#### Problem to work on:
Repeat exactly the lines from the start of the material below up to and including the "And this completes" line.

Given data Block Start

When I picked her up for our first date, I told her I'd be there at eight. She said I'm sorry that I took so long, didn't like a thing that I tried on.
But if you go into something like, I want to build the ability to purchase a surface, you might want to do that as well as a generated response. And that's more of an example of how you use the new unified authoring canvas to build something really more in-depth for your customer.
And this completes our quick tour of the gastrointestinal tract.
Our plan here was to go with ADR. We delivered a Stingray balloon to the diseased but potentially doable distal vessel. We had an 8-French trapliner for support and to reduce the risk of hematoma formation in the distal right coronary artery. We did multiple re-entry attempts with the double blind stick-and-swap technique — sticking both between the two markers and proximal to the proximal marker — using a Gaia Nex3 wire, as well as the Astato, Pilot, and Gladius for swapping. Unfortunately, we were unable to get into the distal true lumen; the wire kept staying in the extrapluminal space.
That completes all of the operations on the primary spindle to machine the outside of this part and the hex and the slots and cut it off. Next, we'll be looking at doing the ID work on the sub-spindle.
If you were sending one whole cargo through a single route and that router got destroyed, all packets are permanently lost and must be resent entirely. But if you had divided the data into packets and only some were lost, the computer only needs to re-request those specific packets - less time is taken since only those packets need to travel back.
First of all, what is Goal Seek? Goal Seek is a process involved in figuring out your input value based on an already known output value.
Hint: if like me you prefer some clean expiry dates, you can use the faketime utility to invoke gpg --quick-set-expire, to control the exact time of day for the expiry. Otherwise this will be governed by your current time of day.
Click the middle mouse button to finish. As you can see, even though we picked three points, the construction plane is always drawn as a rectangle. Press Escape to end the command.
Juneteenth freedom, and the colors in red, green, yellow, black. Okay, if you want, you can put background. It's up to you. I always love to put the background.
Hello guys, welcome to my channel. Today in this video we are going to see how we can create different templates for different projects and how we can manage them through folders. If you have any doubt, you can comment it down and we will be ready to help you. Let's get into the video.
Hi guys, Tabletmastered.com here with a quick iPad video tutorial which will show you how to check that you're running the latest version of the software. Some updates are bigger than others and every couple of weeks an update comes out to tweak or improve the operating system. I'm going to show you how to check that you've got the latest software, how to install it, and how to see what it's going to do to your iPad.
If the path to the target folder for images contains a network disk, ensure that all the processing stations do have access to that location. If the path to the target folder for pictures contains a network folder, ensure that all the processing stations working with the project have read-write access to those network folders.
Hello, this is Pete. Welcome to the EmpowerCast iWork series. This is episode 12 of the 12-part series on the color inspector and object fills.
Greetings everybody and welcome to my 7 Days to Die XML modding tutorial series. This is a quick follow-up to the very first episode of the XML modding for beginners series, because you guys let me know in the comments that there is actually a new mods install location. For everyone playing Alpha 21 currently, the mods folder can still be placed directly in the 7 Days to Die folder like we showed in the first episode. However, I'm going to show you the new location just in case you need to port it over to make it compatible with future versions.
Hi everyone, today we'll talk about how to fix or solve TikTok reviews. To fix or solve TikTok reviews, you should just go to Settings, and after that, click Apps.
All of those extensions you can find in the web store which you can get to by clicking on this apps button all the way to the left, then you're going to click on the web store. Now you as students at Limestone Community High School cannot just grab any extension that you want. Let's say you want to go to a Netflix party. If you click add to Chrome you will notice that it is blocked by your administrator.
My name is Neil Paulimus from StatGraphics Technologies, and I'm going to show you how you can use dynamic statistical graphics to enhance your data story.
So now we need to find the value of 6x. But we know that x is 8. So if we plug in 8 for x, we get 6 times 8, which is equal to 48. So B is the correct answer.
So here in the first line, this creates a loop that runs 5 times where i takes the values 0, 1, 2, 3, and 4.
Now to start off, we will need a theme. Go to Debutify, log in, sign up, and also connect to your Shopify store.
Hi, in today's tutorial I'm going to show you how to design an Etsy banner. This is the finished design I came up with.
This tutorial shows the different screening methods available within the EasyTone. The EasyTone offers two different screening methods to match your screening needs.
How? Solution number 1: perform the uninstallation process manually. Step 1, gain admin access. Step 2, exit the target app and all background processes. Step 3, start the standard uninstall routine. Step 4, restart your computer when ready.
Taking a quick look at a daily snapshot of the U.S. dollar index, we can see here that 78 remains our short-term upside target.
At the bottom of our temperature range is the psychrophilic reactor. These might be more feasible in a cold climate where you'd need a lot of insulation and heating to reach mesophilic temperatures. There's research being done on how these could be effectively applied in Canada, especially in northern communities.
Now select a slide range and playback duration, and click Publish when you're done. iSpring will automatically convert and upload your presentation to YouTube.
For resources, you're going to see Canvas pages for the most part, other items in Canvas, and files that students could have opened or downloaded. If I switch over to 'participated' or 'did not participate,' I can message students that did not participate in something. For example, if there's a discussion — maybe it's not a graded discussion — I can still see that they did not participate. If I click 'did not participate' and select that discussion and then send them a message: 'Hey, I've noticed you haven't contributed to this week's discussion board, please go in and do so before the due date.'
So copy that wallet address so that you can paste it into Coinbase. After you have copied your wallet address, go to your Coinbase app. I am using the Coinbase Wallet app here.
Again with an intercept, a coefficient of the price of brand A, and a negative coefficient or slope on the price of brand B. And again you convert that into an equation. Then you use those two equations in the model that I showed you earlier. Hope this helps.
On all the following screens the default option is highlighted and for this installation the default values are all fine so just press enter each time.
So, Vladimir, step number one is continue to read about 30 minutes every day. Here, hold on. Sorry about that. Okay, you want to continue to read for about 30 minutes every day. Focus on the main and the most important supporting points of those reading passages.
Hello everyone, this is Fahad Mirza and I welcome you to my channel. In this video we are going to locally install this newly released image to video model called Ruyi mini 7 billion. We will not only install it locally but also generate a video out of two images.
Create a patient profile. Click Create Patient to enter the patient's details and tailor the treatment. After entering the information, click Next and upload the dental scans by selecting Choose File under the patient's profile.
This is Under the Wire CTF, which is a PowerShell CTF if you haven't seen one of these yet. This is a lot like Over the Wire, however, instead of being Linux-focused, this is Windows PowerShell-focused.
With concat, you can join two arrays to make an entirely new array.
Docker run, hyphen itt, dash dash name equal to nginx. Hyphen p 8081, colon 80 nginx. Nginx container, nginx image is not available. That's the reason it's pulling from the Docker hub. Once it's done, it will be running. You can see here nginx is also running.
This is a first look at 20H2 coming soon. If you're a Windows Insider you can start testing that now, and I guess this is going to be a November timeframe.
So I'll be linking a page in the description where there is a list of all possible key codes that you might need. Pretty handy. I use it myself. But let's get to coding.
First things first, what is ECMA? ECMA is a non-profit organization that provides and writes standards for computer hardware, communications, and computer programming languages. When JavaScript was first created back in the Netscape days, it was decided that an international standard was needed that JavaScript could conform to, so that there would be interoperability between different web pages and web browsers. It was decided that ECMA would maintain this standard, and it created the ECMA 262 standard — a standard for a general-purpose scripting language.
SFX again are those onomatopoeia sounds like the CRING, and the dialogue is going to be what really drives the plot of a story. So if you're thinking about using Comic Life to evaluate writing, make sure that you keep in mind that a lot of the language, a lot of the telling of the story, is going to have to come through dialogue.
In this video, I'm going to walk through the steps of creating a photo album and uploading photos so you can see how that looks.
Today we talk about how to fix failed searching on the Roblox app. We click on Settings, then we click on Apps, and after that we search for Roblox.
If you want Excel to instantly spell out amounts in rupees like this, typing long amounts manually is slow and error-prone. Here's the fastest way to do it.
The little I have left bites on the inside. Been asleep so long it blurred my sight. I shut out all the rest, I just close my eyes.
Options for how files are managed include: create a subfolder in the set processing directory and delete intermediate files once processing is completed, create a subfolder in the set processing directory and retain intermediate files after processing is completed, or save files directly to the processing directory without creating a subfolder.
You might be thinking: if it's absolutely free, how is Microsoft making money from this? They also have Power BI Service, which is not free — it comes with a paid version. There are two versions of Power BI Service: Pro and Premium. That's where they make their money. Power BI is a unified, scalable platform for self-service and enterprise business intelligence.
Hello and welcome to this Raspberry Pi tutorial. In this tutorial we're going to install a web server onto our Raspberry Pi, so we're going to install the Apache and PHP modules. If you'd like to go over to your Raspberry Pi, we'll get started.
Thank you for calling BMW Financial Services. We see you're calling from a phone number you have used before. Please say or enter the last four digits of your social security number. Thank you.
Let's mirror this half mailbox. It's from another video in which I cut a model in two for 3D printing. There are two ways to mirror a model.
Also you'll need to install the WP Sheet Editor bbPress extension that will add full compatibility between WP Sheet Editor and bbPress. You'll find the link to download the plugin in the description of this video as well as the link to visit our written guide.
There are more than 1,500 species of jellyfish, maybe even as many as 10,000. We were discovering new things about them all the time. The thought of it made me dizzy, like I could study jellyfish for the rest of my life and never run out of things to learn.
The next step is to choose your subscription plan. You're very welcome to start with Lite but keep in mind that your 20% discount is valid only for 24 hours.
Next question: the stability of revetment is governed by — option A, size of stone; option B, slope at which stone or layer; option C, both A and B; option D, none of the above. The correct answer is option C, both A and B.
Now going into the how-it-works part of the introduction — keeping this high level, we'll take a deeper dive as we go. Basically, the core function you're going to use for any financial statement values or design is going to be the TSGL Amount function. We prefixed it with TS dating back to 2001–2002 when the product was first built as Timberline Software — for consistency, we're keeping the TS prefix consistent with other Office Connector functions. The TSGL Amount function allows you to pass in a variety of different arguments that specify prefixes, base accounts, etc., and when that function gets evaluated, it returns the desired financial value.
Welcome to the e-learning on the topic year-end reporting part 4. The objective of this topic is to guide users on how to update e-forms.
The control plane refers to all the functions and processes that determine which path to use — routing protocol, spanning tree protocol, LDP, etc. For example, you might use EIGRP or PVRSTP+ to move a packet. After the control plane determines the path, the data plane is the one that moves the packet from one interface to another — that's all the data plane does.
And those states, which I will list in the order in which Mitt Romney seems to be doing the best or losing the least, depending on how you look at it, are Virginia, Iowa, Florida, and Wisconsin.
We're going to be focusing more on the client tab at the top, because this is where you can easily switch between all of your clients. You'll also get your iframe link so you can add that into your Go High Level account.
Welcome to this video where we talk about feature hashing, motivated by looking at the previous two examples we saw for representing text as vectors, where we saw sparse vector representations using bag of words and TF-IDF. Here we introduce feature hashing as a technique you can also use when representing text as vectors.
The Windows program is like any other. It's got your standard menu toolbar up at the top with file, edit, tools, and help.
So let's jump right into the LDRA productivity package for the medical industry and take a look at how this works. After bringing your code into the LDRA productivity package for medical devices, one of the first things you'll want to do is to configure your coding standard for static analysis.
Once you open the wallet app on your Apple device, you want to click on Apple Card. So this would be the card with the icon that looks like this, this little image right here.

Given data Block End

#### Answer section:
When I picked her up for our first date, I told her I'd be there at eight. She said I'm sorry that I took so long, didn't like a thing that I tried on.
But if you go into something like, I want to build the ability to purchase a surface, you might want to do that as well as a generated response. And that's more of an example of how you use the new unified authoring canvas to build something really more in-depth for your customer.
And this completes our quick tour of the gastrointestinal tract.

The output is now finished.